**Work required**
Every entry should be duplicated verbatim, and no picture may appear in the copy.

:: Supplied entries ::

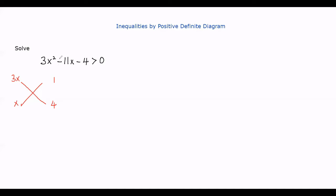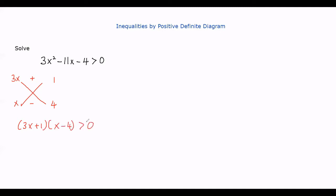As you can see, the center term is minus 11x, so we choose the higher values of the numbers. We cross-check: 3x times minus 4 gives minus 12x, and x times plus 1 gives x, so we get minus 11x. Therefore the factors of this quadratic function will be (3x + 1)(x − 4) greater than 0.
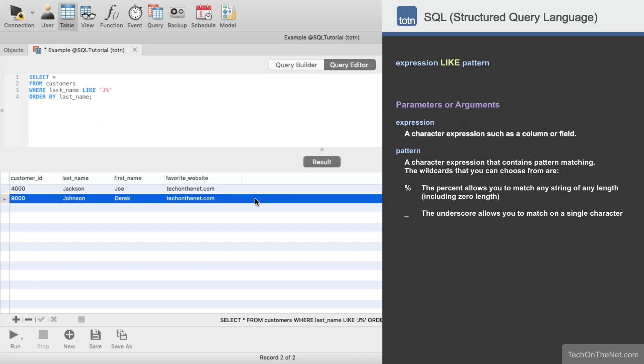This covers a simple example of how to use the SQL LIKE condition. If you want to see more examples or wish to download the sample data we use for this tutorial, please visit our website at techonthenet.com.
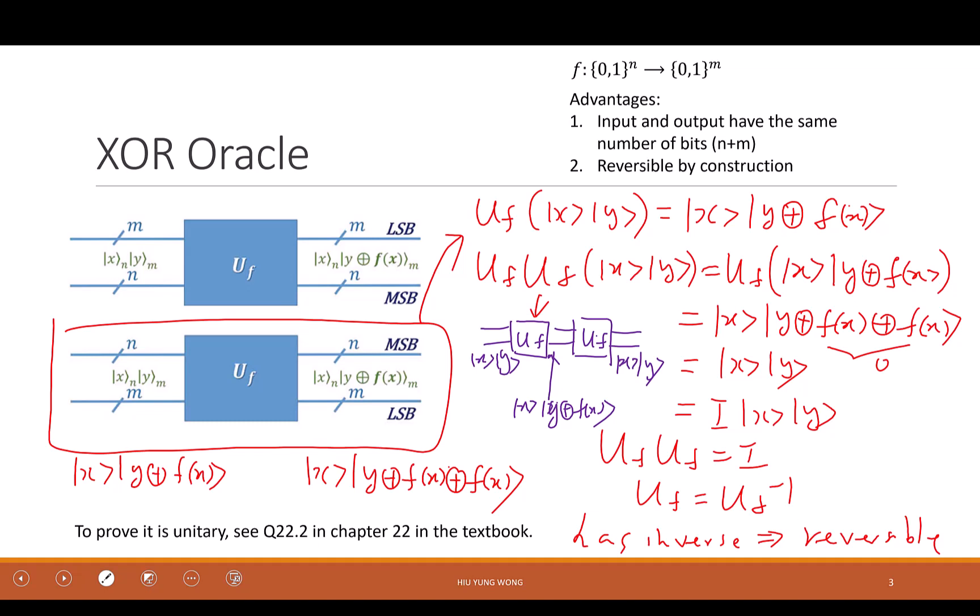Think about the Deutsch algorithm — what do you measure? You measure X, the MSB. You don't measure Y. The bottom qubits contain the information, but as a whole system, the information at the bottom affects the top. Even if you don't measure the bottom, it creates constructive or destructive interference that determines the measurement result at the top.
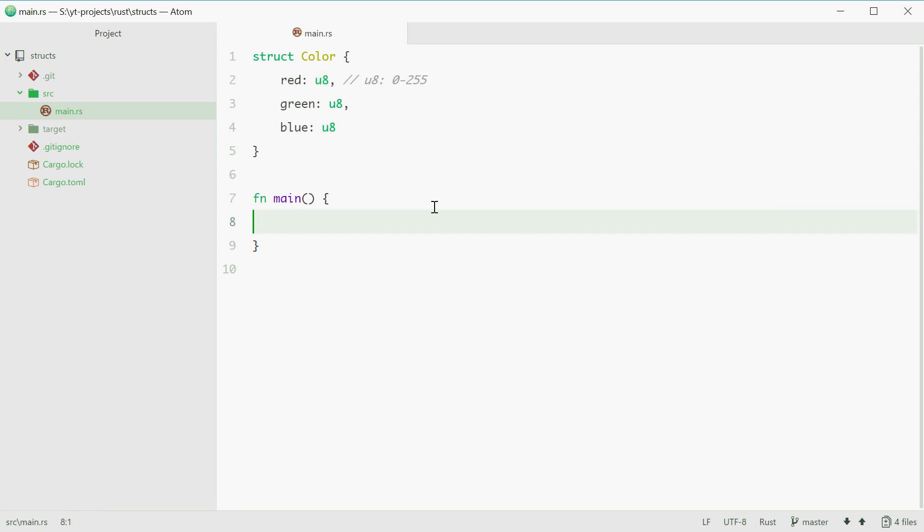We can now make some colors in the main function like so. We can define a new variable called bg, short for background color, equal to a color. Then you put curly braces. Now bg is now of type color.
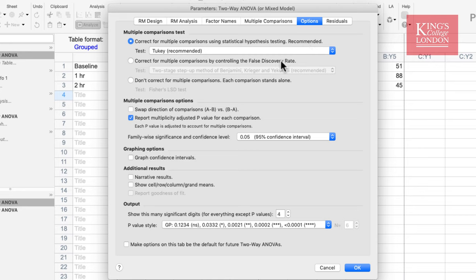We also have options for multiple comparisons with false discovery rate, or not to correct for multiple comparisons. Below, there are some other options which you may want to take some time to read through. One nice option is the production of some narrative results — we'll select that and see the outcome shortly. Finally, you can choose whether you want to create some graphs showing your residuals. We are happy with the choices we have made and we're going to click on the OK button.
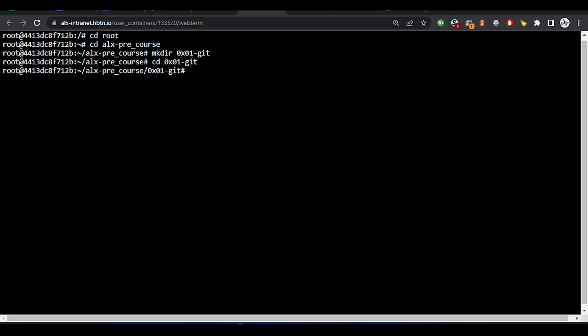I'm in this 0x01 directory now. What I want to do is echo. What is the message? My second readme. So where do I want to output this? What is the name of the file? I'll call it readme.md.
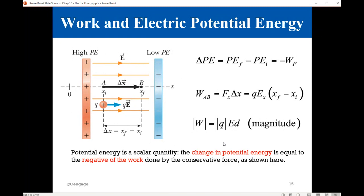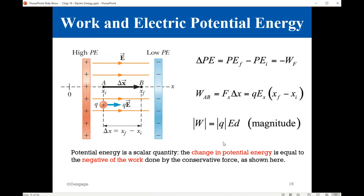As we learned in mechanics, there is potential energy due to position with respect to the Earth's surface. In electricity, we have a similar situation. Charges also will have a potential energy depending on their location inside an electric field, just like an object with mass m at a height h from the Earth's surface has potential energy mgh. Here also, a charge q placed in an electric field will have a potential energy that depends on that location.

:::

**Exercise solution**
As you can see, the center term is minus 11x, so we choose the higher values of the numbers. We cross-check: 3x times minus 4 gives minus 12x, and x times plus 1 gives x, so we get minus 11x. Therefore the factors of this quadratic function will be (3x + 1)(x − 4) greater than 0.
This covers a simple example of how to use the SQL LIKE condition. If you want to see more examples or wish to download the sample data we use for this tutorial, please visit our website at techonthenet.com.
Think about the Deutsch algorithm — what do you measure? You measure X, the MSB. You don't measure Y. The bottom qubits contain the information, but as a whole system, the information at the bottom affects the top. Even if you don't measure the bottom, it creates constructive or destructive interference that determines the measurement result at the top.
We can now make some colors in the main function like so. We can define a new variable called bg, short for background color, equal to a color. Then you put curly braces. Now bg is now of type color.
We also have options for multiple comparisons with false discovery rate, or not to correct for multiple comparisons. Below, there are some other options which you may want to take some time to read through. One nice option is the production of some narrative results — we'll select that and see the outcome shortly. Finally, you can choose whether you want to create some graphs showing your residuals. We are happy with the choices we have made and we're going to click on the OK button.
I'm in this 0x01 directory now. What I want to do is echo. What is the message? My second readme. So where do I want to output this? What is the name of the file? I'll call it readme.md.
As we learned in mechanics, there is potential energy due to position with respect to the Earth's surface. In electricity, we have a similar situation. Charges also will have a potential energy depending on their location inside an electric field, just like an object with mass m at a height h from the Earth's surface has potential energy mgh. Here also, a charge q placed in an electric field will have a potential energy that depends on that location.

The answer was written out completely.